Reputation: 1
I have population data with age and gender characteristics, and I'm trying to populate another column with employment type based on other data have. I've used 'sample' to select a sample of of the population who work part time and then I will add this data as a new column, but I have yet to figure out how to ensure those selected are not reselected in the next sample for a different employment type.
At the moment I have the following which is for 23% of Male in a certain age group:
PT=my.df[sample(which(my.df$Age=="15" & my.df$Gender=="Male"), round(0.23*length (which(my.df$Age=="15" & my.df$Gender=="Male")))),]
And an example of my output looks like this:
Edinburgh.ID Age Gender
2445 2445 15 Male
2477 2477 15 Male
2469 2469 15 Male
2485 2485 15 Male
2487 2487 15 Male
2483 2483 15 Male
I now want to select the next x% from the same age and gender group who have a different employment type.
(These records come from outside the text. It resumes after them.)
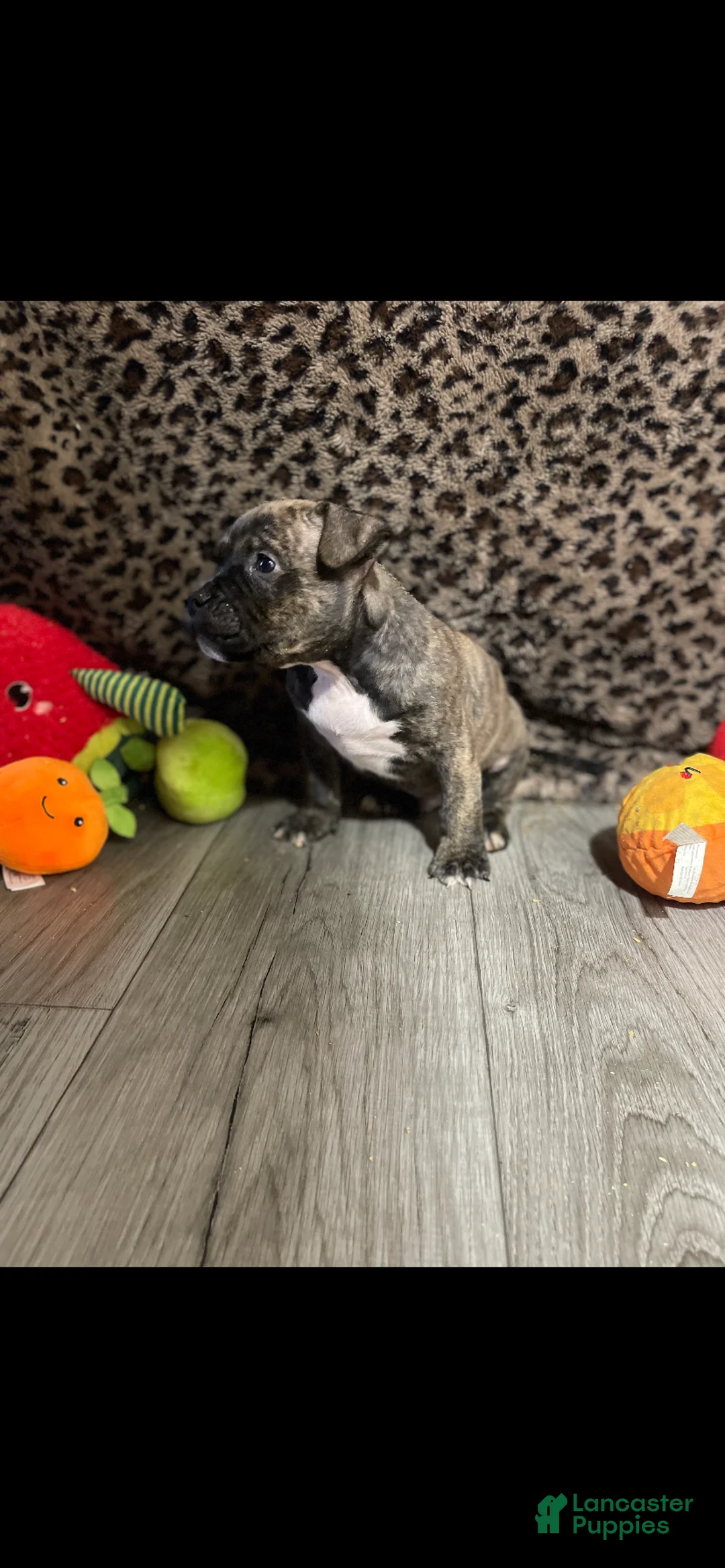 American Bully dogs for sale: American Bully 3 - Ad 2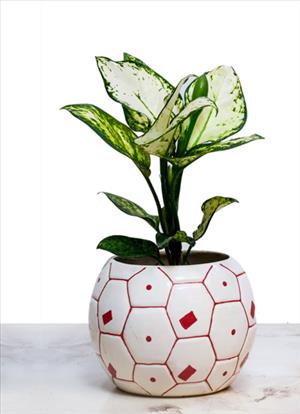 Aglaonema Bright White 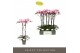 Phalaenopsis roze Optistar Madonna 2 spike15 bl. 2 tak/plnt 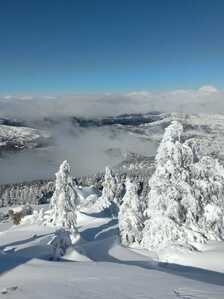 FB IMG 1766007633237 FB IMG 1766007633237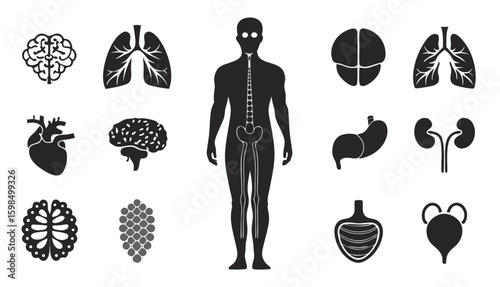 Human Anatomy Icon Set - Skeleton & Internal Organs

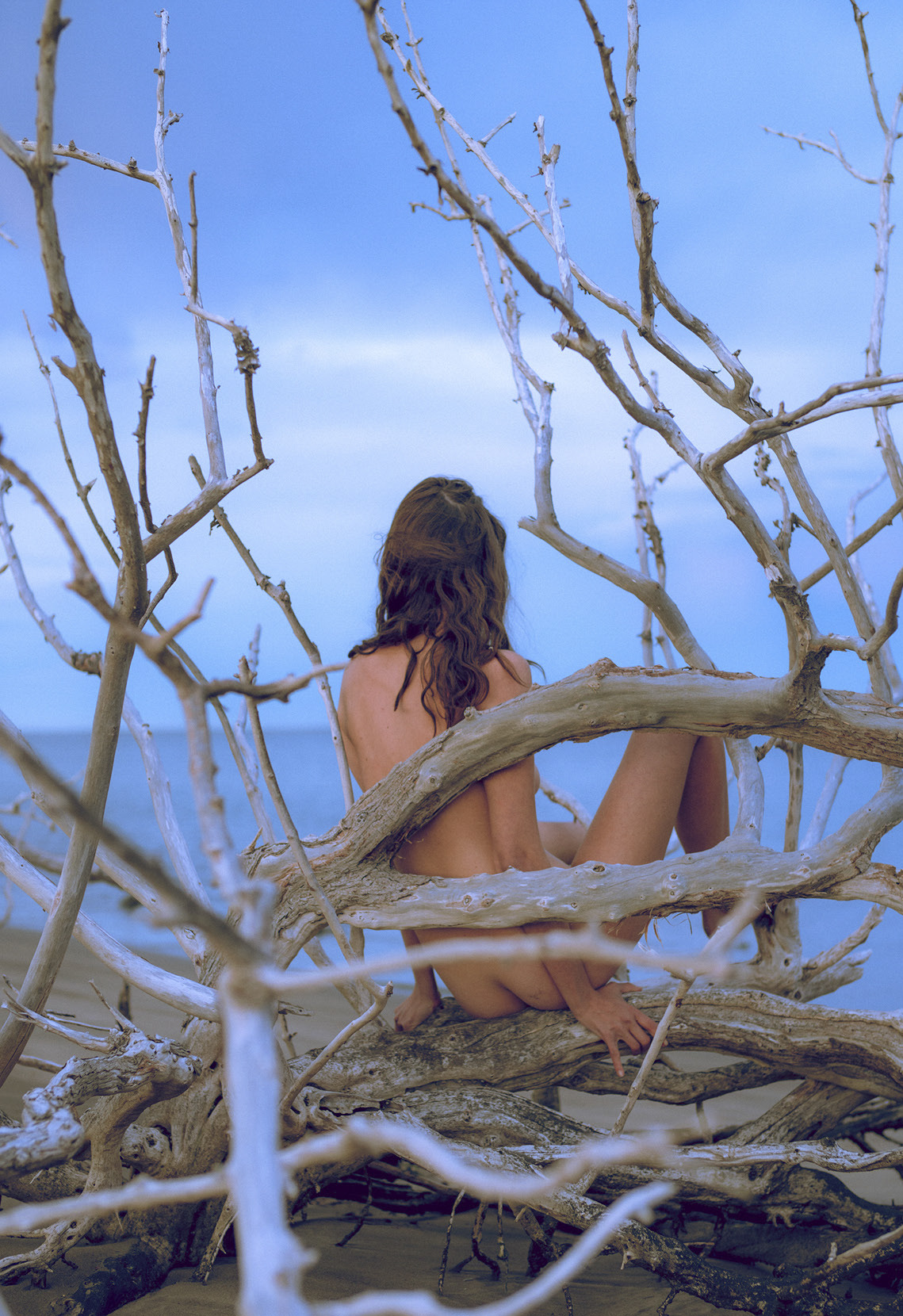 1139x1660, 623 Kb / дерево, сухое, голая, вода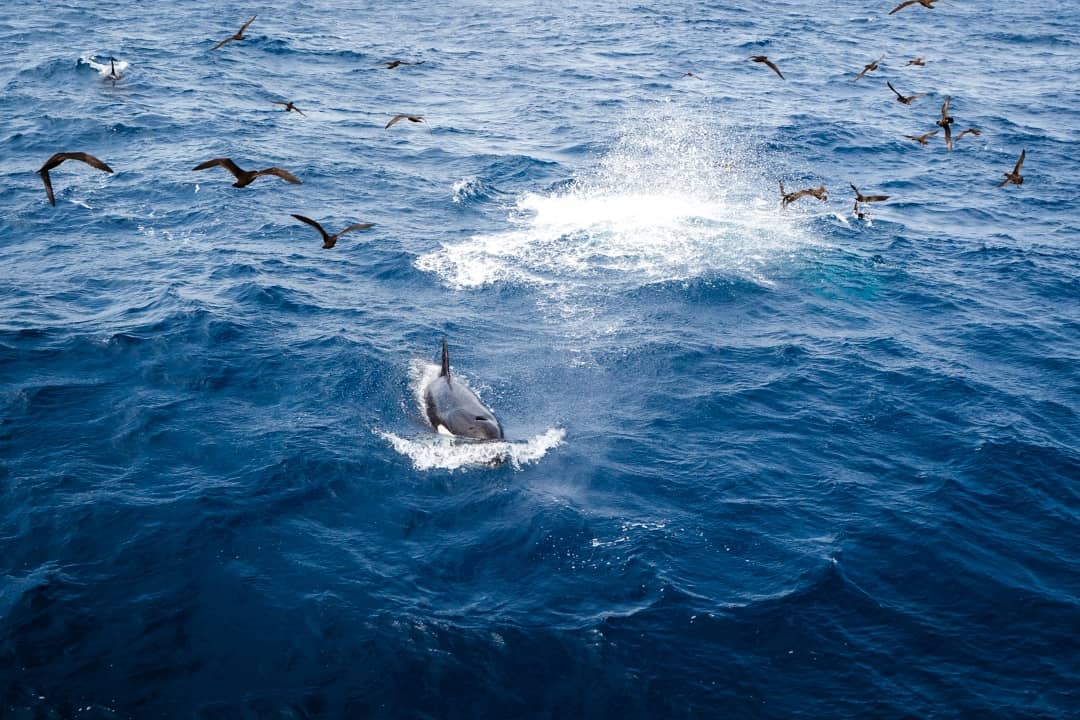 An orca is surfacing among birds in the ocean, with water splashing around in Bremer Bay.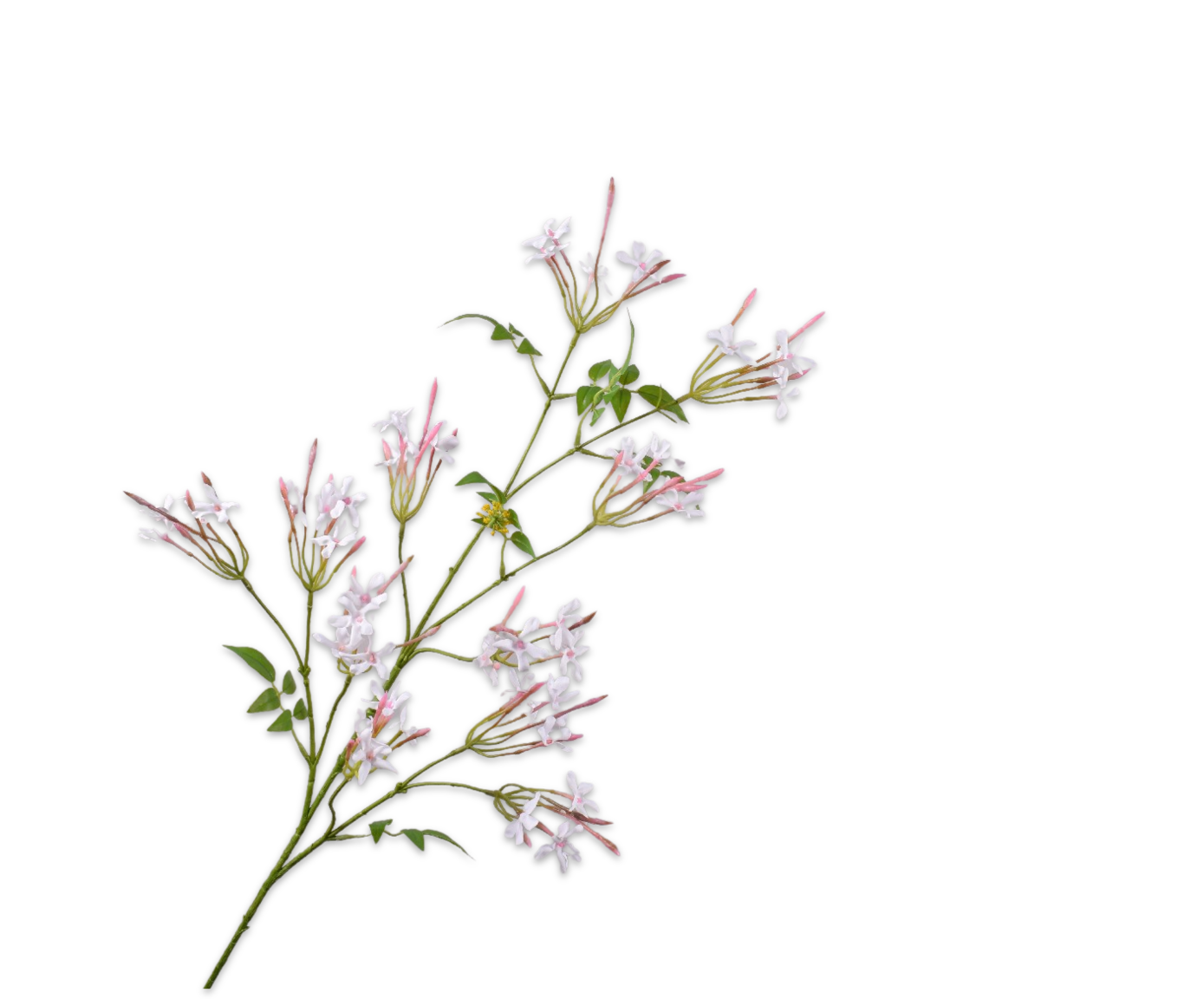 JASMINE SPRAY WHITE  101 CM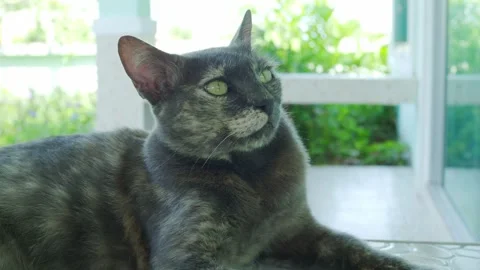 Calico cat or Tortoiseshell cat catnip Stock Footage 275501523
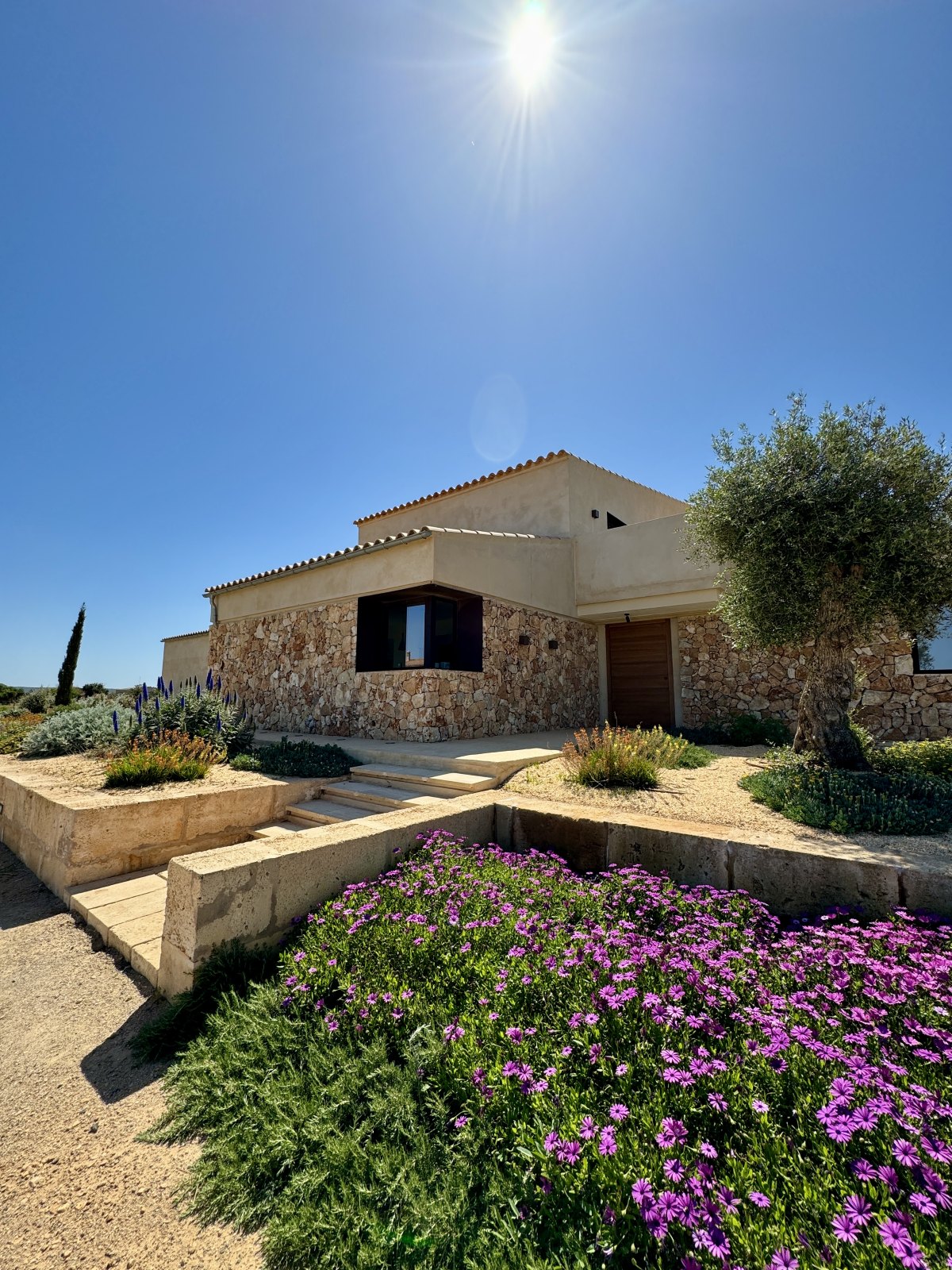 Finca Garden Campos — Garden Design Campos, Mallorca Mallorca, Image 24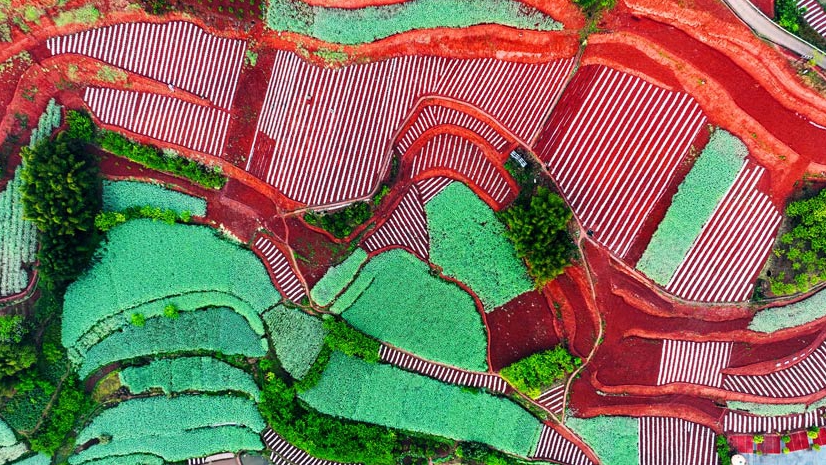 Stunning scenery of red soil terraces dazzles visitors to Rongxian in SW China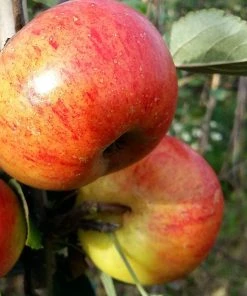 Roots Plants Fruits Sunset Apple Tree
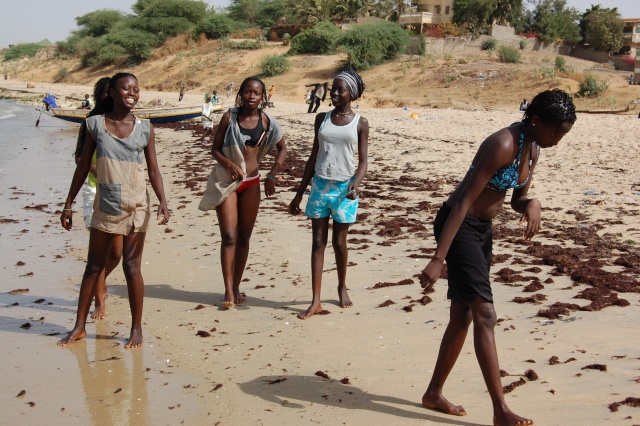 Afrique, Sénégal, Mbour, Mars 2008, la plage. Photos    de 84 à 101   / 1000 Dsc_0757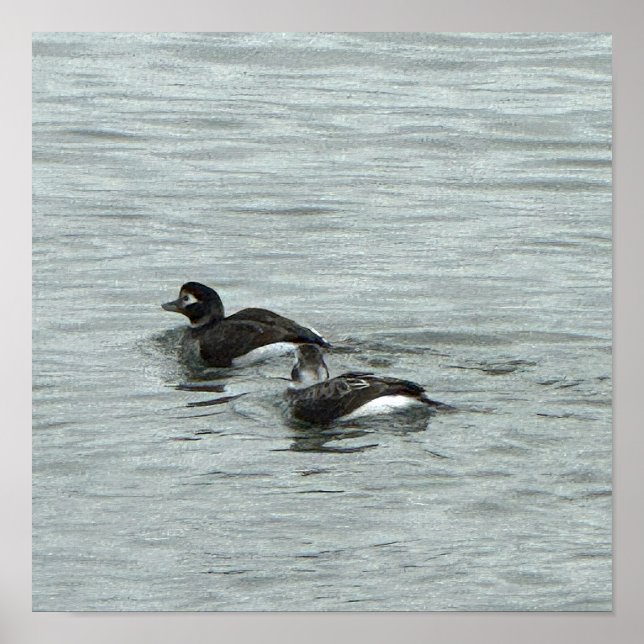 Affiche Photo de Canards dans l'Eau (Devant)
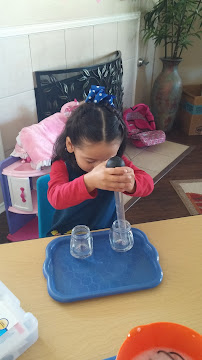 The Montessori Learning House Bilingual School - Photo 4 - Car repair in Little Elm, TX, Denton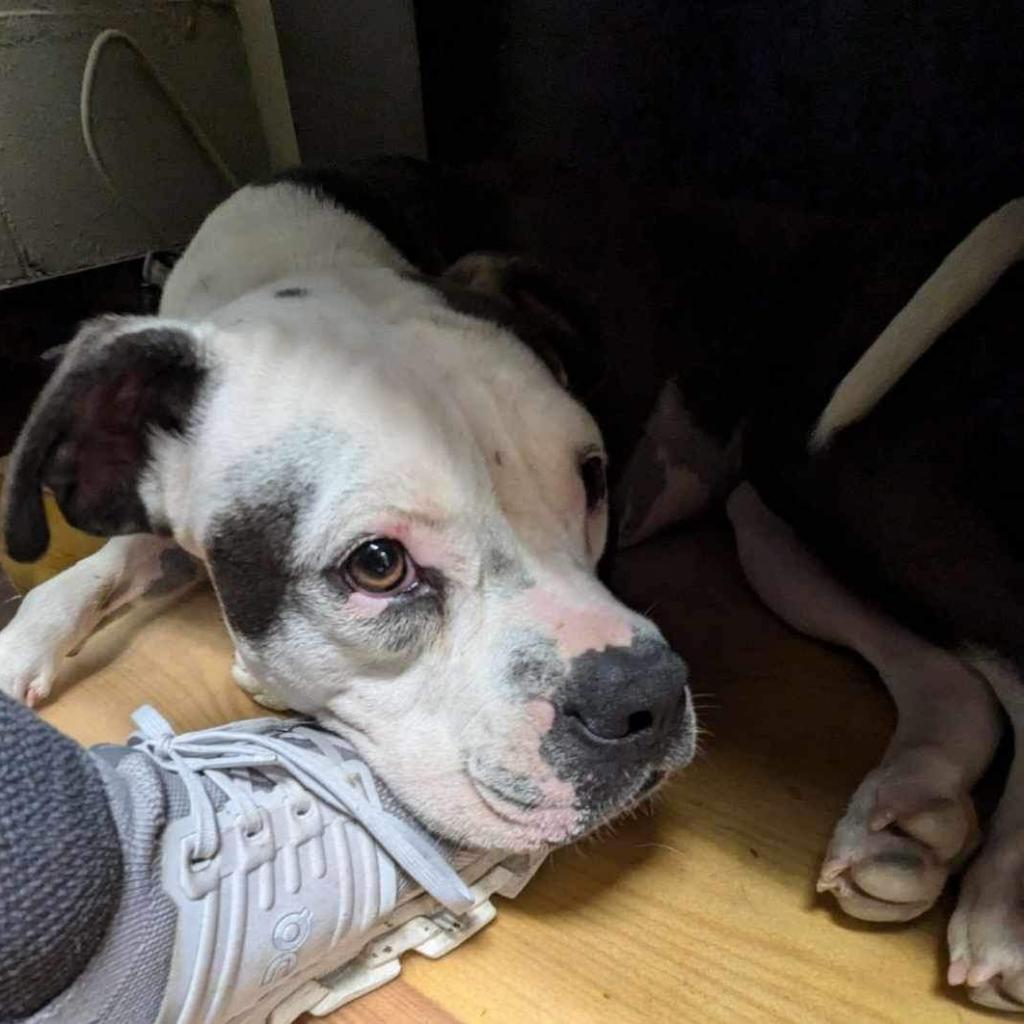 Grace (Stacey), a Adoptable Mixed Breed in Starkville, MS image 3/6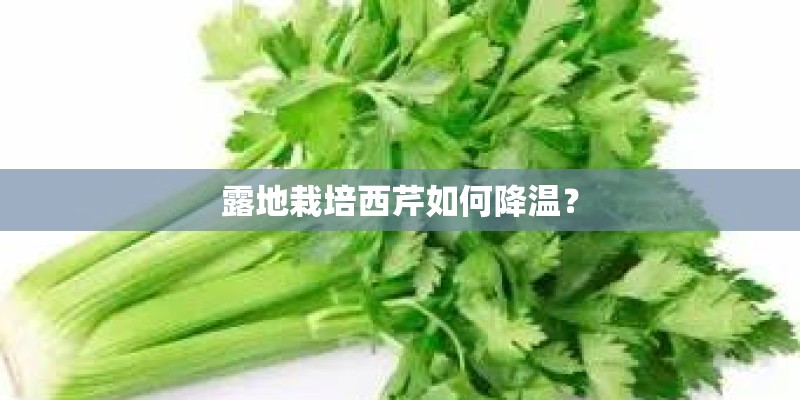 露地栽培西芹如何降温？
If I just change the 0.23 to another percentage, in some cases, the same IDs are coming out but I want individual IDs in each sample.
Upvotes: 0
Views: 4860
Reputation: 532
You could define a data.frame describing the employment statistics for a given group and sample from it. Here is an approach in base R.
# Generate some data
N = 1000
my.df <- data.frame(Age = rep("15", N),
Gender = sample(c("Male", "Female"), N, TRUE),
Activity = rep("", N),
stringsAsFactors = FALSE)
head(my.df)
# Age Gender Activity
# 1 15 Female
# 2 15 Male
# 3 15 Male
# 4 15 Female
# 5 15 Male
# 6 15 Female
# employment statistics for the group age = "15" and gender = "Male"
employment <- data.frame(activity = letters[1:5],
prob = c(0.1, 0.1, 0.2, 0.5, 0.1),
stringsAsFactors = FALSE)
employment
# activity prob
# 1 a 0.1
# 2 b 0.1
# 3 c 0.2
# 4 d 0.5
# 5 e 0.1
# Assign activities
set.seed(35)
id <- which(my.df$Age == "15" & my.df$Gender == "Male")
my.df[id, "Activity"] <- sample(employment$activity, length(id),
replace = TRUE, prob = employment$prob)
table(my.df[my.df$Gender=="Male", "Activity"])/length(id)
# a b c d e
# 0.1135903 0.1054767 0.1805274 0.4665314 0.1338742
Upvotes: 0
Reputation: 1687
The dplyr
package gives the possibility to randomly sample in percentage with(out) replacement.
library('dplyr')
sample_frac(df, size = percentage, replace = FALSE)
then you can adjust your constraints on age and gender accordingly.
Upvotes: 2